What is expected = Everything in the listing should be transcribed exactly, apart from the pictures.

Data =
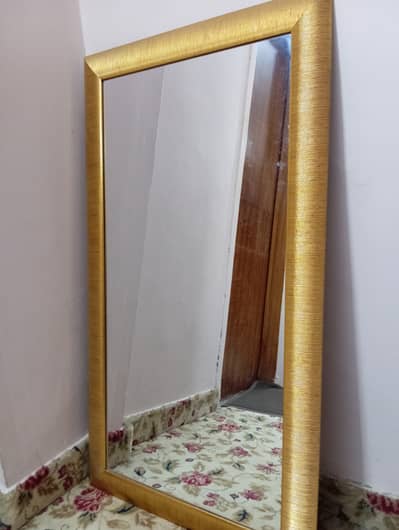 HANGING MIRROR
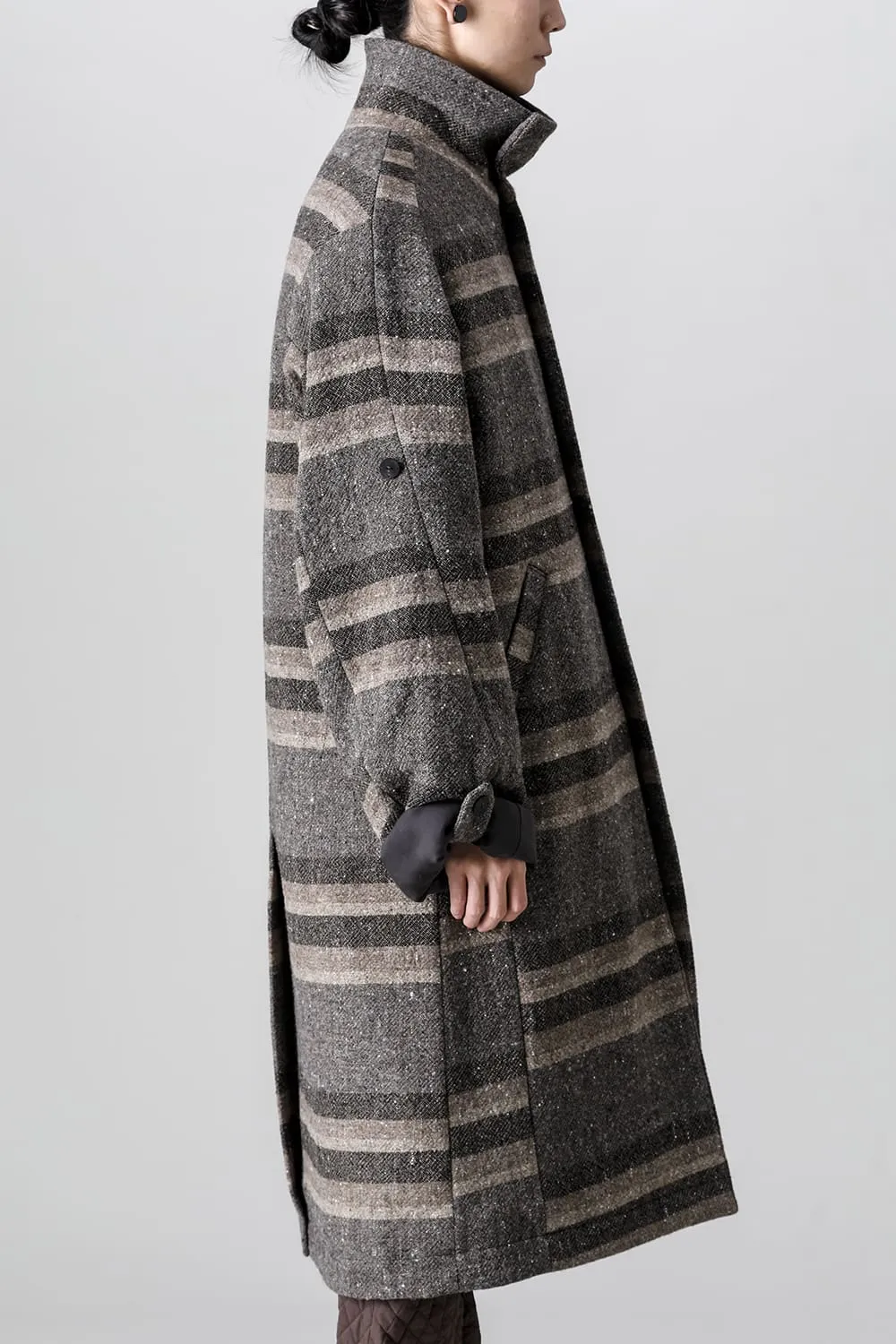 Hight neck coat striped wool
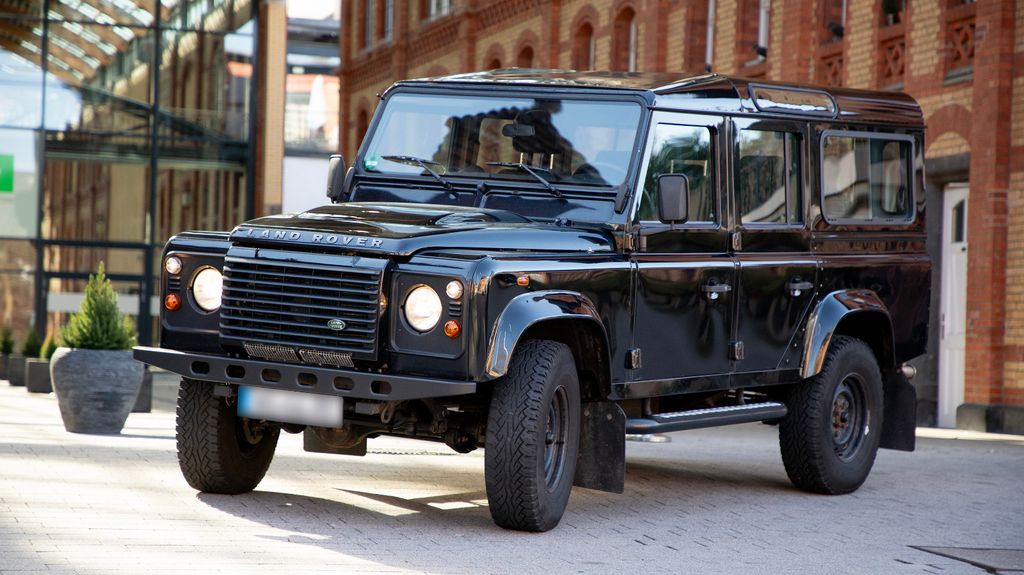 Land Rover Defender 130.702 km 39.900 &euro; Wiesbaden 65183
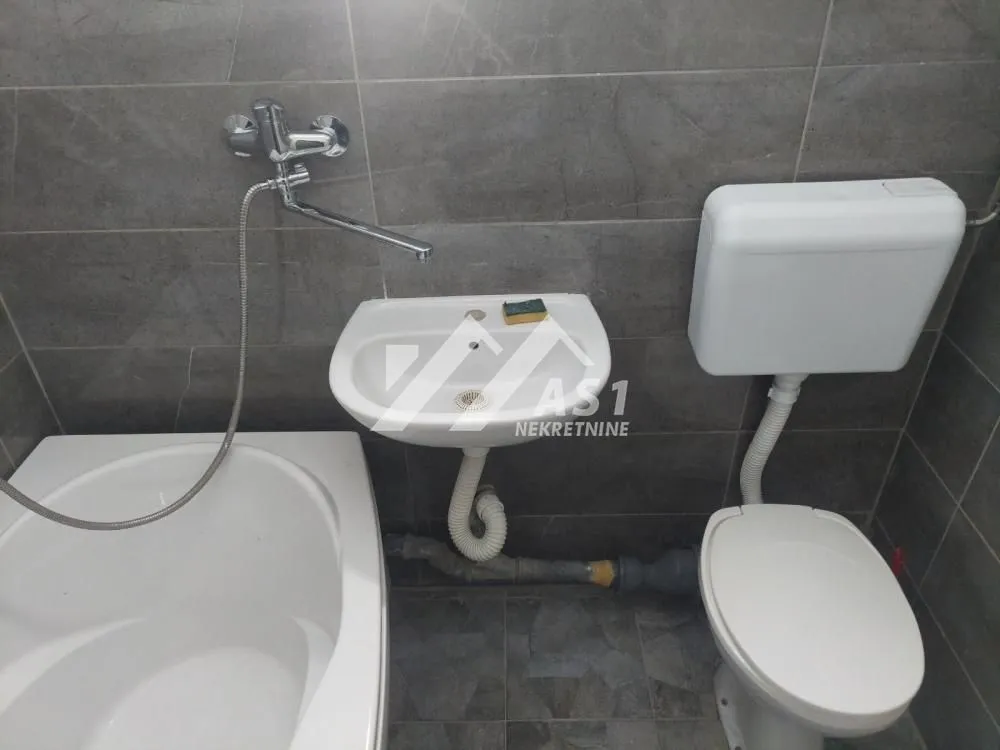 Izdavanje, trosoban stan, 78m², Liman 3, Novi Sad Sve Podlokacije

Output of the exercise =
 HANGING MIRROR
 Hight neck coat striped wool
 Land Rover Defender 130.702 km 39.900 &euro; Wiesbaden 65183
 Izdavanje, trosoban stan, 78m², Liman 3, Novi Sad Sve Podlokacije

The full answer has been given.